▶ **Your assignment**: Beginning at the line that contains "Позашляховик / Кросовер" and finishing at the line that contains "Used 2021 Volkswagen", output the data below exactly. Include both end lines and no pictures.

▶ **Materials provided**:

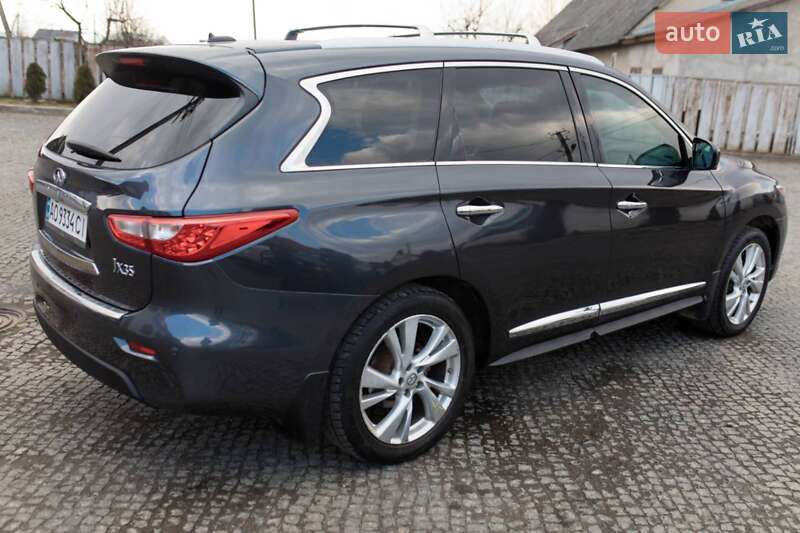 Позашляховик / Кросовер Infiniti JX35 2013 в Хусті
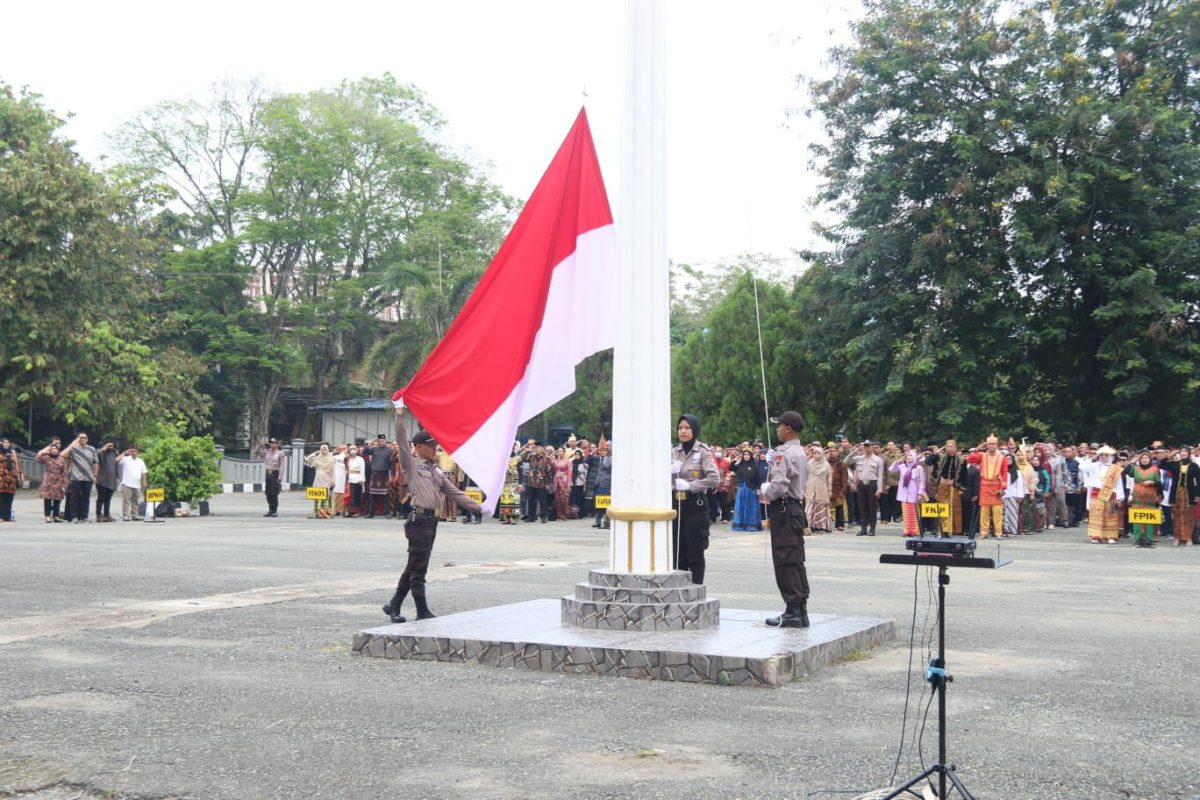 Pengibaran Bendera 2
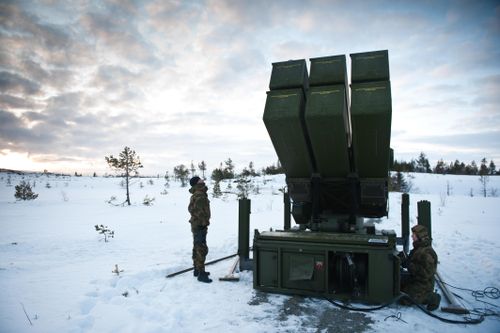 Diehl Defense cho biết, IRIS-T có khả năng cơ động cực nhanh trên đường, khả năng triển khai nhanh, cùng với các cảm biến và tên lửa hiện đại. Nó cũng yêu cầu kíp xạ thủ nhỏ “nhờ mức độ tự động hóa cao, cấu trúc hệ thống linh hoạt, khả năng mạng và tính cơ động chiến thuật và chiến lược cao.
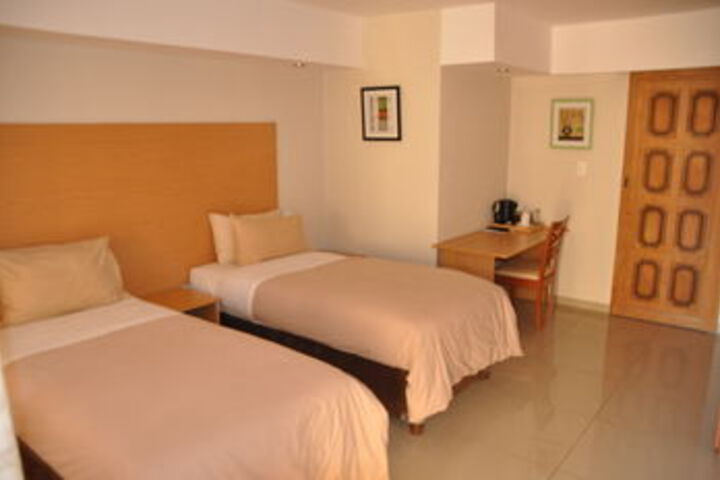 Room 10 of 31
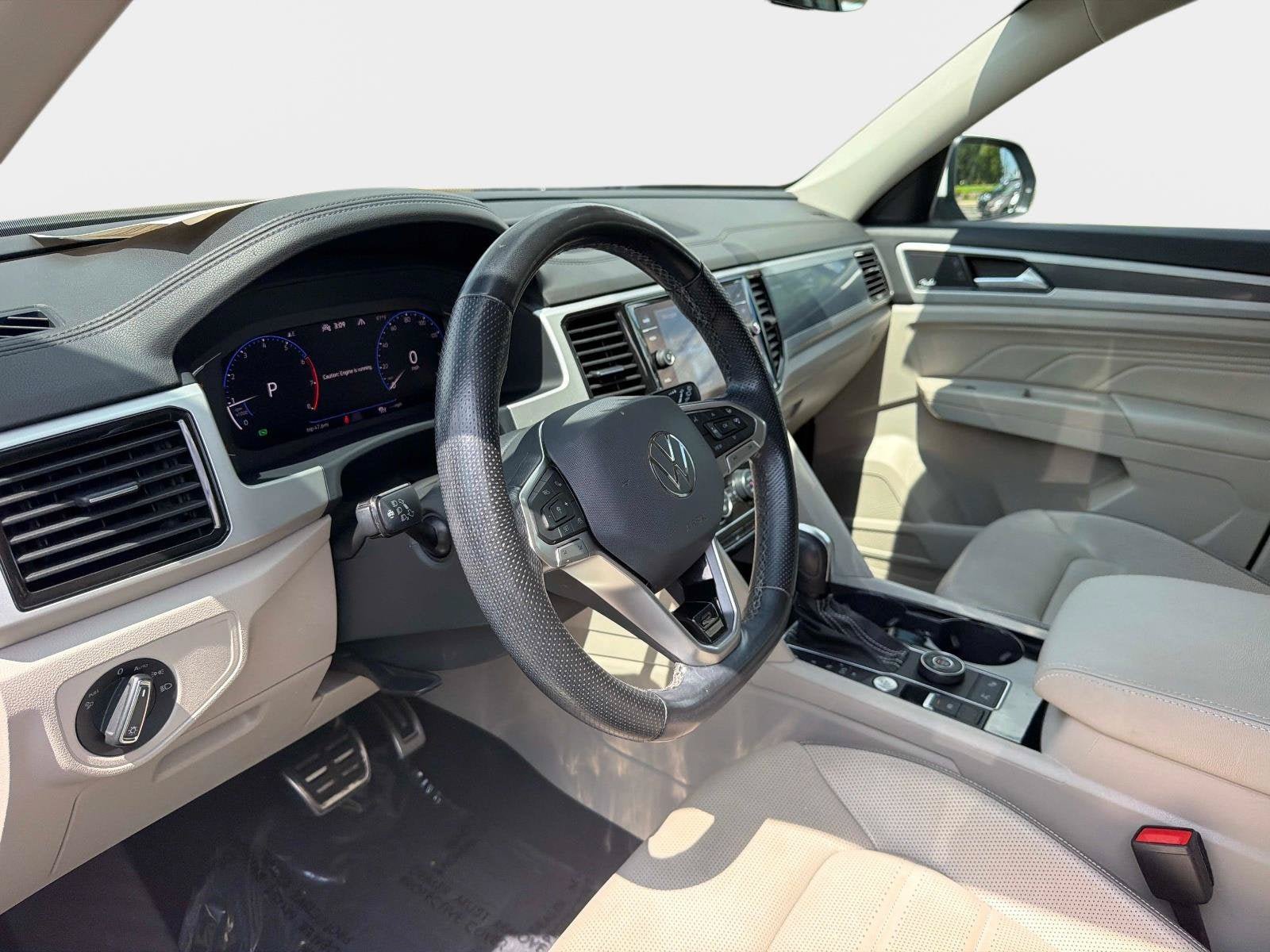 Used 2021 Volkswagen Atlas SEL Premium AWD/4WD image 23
* * *
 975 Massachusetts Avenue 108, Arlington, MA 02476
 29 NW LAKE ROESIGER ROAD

▶ **Answer to this task**:
 Позашляховик / Кросовер Infiniti JX35 2013 в Хусті
 Pengibaran Bendera 2
 Diehl Defense cho biết, IRIS-T có khả năng cơ động cực nhanh trên đường, khả năng triển khai nhanh, cùng với các cảm biến và tên lửa hiện đại. Nó cũng yêu cầu kíp xạ thủ nhỏ “nhờ mức độ tự động hóa cao, cấu trúc hệ thống linh hoạt, khả năng mạng và tính cơ động chiến thuật và chiến lược cao.
 Room 10 of 31
 Used 2021 Volkswagen Atlas SEL Premium AWD/4WD image 23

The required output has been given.